Each model is fit to the training portion of the data (from 5 \(\times\) 2 cross-fold validation), using Bayesian hyperparameter optimisation (Bergstra et al., 2013). Every model is given 1000 evaluations for a fair comparison. With level-k, due to the integer parameter, rather than Bayesian optimisation, we instead perform an exhaustive search for \(k \in [0,1,\dots ,100]\), noting that this is an extensive range of k, easily capturing standard k’s reported in the literature. The fitted parameter values with the lowest mean squared error between the predictions and the training values are selected. The out-of-sample (testing) portion is never seen by the optimisation process and is only used for evaluation after the parameter optimisation has been complete.

For quantal response equilibrium and quantal hierarchy, we sample from the range \(0 \le \beta < 100\). While \(\beta\) is unbounded, we find this upper bound to be more than enough with no fitted values coming close to this upper threshold. For \(\gamma\), this is bounded \(0\le \gamma \le 1\). For cognitive hierarchy, we sample from the range \(0 \le \tau < 10\), which despite \(\tau\) being unbounded, again provides a more than sufficient range for the experimental data, and covers common \(\tau\)’s reported in literature (Camerer, 2010; Camerer et al., 2004).

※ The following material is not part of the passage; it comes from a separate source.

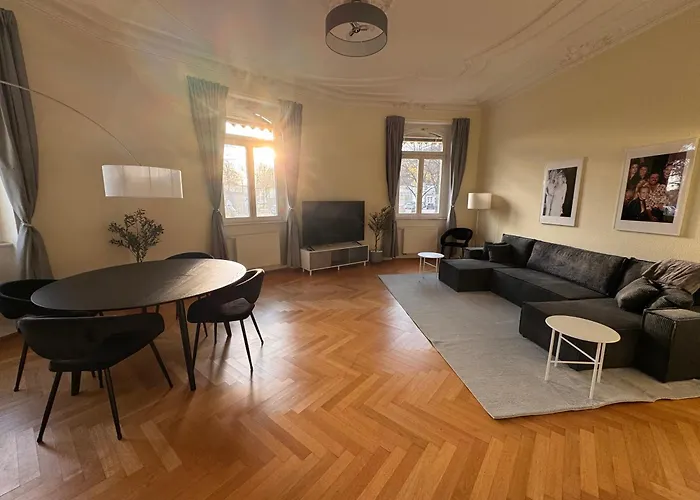Modernes Hochparterre Apartment im Waldstraßenviertel Leipzig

For the beauty contest games, as well as the bargaining games, due to the large action space (\(a \in [0,\dots ,100]\)), rather than using the raw data directly, a fitted Gaussian kernel density estimate of the training and testing data is used to account for the large action space and the relatively small number of observations. Scott’s rule is used to determine the bandwidth automatically (Scott, 2015), and we validate the robustness of this rule choice in Sect. D.2. The same kernel density estimates are used across all methods to ensure fair comparisons. For the remaining game classes, the action space is sufficiently well sampled from the observations, so no density approximation is required.

Appendix B Special cases

1.1 B.1 Backwards induction

Backwards induction can be recovered as a limiting case of the proposed model. We can see this as follows from Eq. (10) (and the expansion process from Eq. (4)), noting that softmax \(e^{\beta U[a]} / Z\) converges to \(\mathop {\mathrm {arg\,max}}\limits\) with \(\beta \rightarrow \infty\):

$$\begin{aligned} \begin{aligned} f[a_k \mid a_{<k}]&= \frac{1}{Z_k} \times \underbrace{Z_{k+1} ^ {1 / \gamma }}_{\text{Future\ Contribution}} \times \underbrace{e ^{\beta \gamma ^{k} U[a_k \mid a_{<k}]}}_{\text{Current\ Payoff}} \\&= \mathop {\mathrm {arg\,max}}\limits _{a_k\in A_k} \left( \underbrace{U[a_k \mid a_{<k}]}_{\text{Current\ Payoff}} + \underbrace{V_{k+1}}_{\text{Future\ Contribution}} \right) \\ \end{aligned} \end{aligned}$$

(12)

where \(V_{k+1}\) is derived recursively based on choosing \(a_k\). Backward induction assumes that all future decisions will be rational, i.e., at each stage, players choose rationally.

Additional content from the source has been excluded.